How to complete this task:
Lines before the one containing "Black and Red" in the records below are to be left out; that line and all after it, through the end, are to be retyped exactly.

Records provided:
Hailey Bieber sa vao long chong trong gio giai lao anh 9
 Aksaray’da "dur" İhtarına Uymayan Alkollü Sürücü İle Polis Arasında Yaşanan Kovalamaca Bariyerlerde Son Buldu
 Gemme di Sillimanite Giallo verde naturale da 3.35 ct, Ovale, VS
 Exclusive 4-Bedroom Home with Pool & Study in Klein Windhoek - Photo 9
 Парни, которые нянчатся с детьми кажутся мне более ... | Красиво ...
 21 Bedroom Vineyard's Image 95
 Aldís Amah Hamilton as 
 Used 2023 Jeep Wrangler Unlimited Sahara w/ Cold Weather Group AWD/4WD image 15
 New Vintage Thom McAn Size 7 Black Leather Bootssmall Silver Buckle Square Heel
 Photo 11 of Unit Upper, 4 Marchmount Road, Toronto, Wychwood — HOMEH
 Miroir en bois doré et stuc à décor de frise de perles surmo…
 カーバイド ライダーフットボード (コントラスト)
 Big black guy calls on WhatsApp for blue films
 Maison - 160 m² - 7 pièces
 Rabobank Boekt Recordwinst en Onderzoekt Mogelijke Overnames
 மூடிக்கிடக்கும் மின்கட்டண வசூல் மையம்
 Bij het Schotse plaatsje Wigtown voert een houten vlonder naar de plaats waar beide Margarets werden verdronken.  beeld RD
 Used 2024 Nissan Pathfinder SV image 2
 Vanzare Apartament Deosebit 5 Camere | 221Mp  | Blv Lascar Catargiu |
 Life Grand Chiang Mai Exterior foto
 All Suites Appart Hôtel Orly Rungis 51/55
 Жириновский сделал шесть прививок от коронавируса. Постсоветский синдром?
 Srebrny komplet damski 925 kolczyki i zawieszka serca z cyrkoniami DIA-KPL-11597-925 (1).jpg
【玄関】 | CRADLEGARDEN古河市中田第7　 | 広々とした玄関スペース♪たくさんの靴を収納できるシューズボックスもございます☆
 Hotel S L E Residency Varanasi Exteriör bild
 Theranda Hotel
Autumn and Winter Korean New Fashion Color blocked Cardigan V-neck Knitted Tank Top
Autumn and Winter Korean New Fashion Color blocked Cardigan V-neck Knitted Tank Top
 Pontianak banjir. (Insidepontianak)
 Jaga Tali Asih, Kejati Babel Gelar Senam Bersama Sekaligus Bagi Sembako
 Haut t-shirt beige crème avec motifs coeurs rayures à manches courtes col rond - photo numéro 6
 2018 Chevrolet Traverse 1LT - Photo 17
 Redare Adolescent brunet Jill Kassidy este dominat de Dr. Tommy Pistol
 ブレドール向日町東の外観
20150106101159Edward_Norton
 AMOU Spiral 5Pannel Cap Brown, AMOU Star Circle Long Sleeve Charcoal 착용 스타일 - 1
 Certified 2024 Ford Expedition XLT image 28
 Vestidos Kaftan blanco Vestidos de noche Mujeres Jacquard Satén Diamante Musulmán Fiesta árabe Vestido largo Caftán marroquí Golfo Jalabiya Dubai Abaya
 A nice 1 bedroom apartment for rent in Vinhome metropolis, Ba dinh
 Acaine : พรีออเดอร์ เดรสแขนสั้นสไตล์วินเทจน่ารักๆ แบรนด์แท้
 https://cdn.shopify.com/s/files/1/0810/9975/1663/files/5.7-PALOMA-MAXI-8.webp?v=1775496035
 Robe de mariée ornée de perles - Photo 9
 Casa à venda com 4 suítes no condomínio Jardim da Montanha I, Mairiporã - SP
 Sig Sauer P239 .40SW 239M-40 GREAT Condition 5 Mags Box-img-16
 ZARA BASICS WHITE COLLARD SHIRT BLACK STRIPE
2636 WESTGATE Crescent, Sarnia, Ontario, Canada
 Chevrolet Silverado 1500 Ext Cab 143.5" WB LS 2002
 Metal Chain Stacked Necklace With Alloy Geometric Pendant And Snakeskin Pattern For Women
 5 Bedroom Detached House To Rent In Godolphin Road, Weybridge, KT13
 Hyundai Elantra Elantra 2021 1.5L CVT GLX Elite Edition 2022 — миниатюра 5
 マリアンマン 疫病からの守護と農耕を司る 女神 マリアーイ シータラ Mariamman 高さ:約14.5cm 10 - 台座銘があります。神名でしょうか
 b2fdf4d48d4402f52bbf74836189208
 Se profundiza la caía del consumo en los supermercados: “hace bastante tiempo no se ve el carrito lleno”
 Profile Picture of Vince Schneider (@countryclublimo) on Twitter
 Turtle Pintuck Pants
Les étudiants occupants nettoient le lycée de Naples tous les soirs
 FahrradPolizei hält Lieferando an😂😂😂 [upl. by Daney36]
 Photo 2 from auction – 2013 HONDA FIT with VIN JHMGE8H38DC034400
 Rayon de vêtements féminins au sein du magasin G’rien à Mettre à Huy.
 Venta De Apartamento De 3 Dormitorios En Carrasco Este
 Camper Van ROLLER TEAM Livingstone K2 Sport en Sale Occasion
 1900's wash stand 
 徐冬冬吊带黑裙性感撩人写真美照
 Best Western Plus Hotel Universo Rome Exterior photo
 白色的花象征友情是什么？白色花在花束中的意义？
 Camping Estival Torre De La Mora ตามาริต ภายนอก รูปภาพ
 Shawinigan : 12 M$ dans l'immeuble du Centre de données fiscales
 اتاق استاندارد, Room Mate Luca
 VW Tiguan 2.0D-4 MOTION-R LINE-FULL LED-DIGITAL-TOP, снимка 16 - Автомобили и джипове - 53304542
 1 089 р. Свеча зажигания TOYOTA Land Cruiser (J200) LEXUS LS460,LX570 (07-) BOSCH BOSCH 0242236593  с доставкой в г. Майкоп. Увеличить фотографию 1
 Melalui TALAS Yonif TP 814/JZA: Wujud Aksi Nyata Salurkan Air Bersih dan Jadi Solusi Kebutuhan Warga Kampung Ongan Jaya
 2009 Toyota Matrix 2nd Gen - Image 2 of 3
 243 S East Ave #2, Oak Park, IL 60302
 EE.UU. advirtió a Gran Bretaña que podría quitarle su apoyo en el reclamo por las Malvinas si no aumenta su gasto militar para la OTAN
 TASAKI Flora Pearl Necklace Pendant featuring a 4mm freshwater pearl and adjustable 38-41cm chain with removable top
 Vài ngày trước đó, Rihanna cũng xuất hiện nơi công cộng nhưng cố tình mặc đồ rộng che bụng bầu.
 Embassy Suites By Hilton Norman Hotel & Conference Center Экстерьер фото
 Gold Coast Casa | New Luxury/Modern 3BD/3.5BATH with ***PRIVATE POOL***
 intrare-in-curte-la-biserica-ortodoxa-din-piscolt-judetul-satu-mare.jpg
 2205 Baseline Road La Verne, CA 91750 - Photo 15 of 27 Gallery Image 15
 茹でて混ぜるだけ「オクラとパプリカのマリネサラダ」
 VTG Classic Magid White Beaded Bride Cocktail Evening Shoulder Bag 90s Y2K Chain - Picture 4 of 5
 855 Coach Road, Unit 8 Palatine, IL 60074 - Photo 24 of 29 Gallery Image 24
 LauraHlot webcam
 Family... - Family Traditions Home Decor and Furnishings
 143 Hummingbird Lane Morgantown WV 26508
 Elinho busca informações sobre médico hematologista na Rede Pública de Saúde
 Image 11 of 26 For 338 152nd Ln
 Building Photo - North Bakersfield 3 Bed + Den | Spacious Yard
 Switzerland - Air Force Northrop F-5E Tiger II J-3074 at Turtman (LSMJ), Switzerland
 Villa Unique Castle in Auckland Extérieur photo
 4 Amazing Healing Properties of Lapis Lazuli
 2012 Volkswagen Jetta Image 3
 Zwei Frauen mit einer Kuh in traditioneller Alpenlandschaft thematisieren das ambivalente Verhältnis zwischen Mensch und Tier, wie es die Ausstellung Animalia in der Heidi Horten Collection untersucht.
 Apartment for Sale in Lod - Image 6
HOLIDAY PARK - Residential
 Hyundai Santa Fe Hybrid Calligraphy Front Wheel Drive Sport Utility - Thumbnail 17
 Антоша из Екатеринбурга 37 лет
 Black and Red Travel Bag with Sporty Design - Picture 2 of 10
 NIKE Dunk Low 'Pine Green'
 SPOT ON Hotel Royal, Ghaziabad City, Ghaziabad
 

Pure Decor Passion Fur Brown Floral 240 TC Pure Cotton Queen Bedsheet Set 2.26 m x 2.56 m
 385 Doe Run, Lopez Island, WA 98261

Answer to this task:
 Black and Red Travel Bag with Sporty Design - Picture 2 of 10
 NIKE Dunk Low 'Pine Green'
 SPOT ON Hotel Royal, Ghaziabad City, Ghaziabad
 

Pure Decor Passion Fur Brown Floral 240 TC Pure Cotton Queen Bedsheet Set 2.26 m x 2.56 m
 385 Doe Run, Lopez Island, WA 98261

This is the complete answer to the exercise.